ACTC will publish edited reports by course developers on its website. Project participants are invited to produce papers for the ACTC Annual Conference incorporating their experience of teaching core texts in their prototype courses. These papers are eligible for publication in ACTC’s annual proceedings.
ACTC has piloted a “Qualitative Narrative Assessment” (ed. Burk) project focused on student learning through core text curricula. It will make available at the time of the “Rejuvenating and Reinventing” seminar the hard-copy publication or the manuscript chapters of the Qualitative Narrative Assessment project.
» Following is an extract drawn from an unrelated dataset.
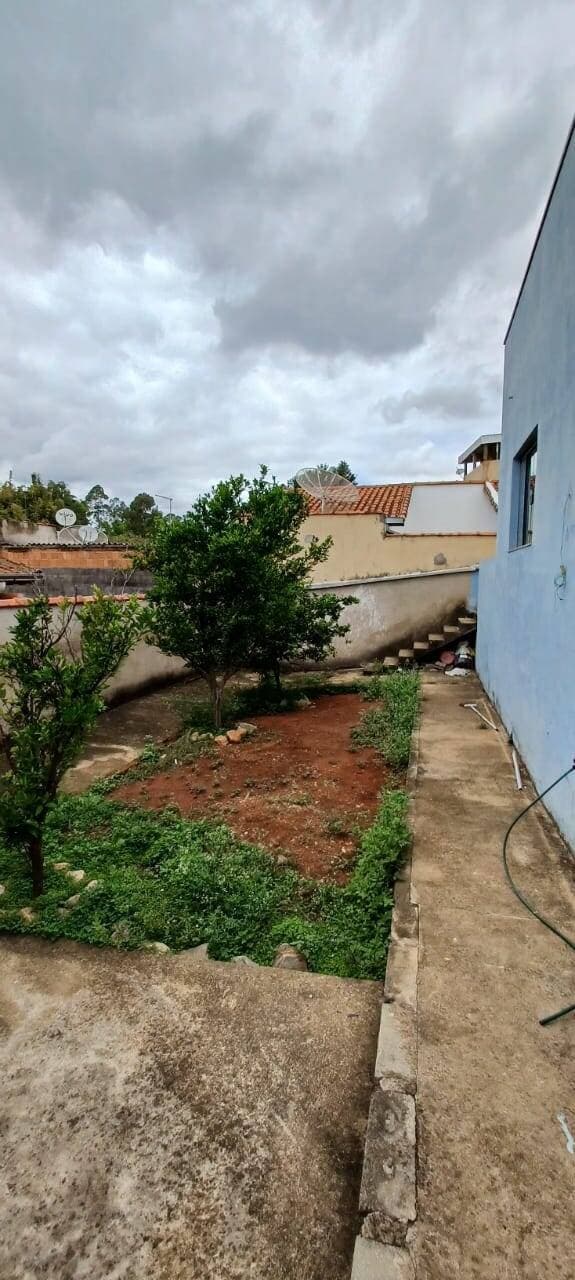 CASA DE LOTE INTEIRO (240m²) NO COLINA VERDE: 3 Quartos, Aceita PERMUTA e Financiamento 4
The deadline for applications was January 31, 2019,
either postmarked and mailed to ACTC’s Liberal Arts Institute, or (preferred) filed through ACTC’s website.
There is a direct cost-share provision required of participating institutions, specified in the Application Packet, representing less than 2% of the direct costs of the project. The Application, within the Application Packet, is in PDF format. It should be filled out and, then, sent via email to kathburk@coretexts.org and jscottlee@coretexts.org and jscottlee@prodigy.net. Or, mailed applications should be addressed to Kathleen Burk, ACTC Liberal Arts Institute, “Reinventing and Rejuvenating the Liberal Arts Project,” 3900 Teleport Blvd #142407, Irving, TX 75014.
Decisions on participants will be made by February 28, 2019. Notifications will be sent March 5 with acceptances due March 12. Participating institutions will also be announced at the ACTC annual conference, April 11-14 in Santa Fe.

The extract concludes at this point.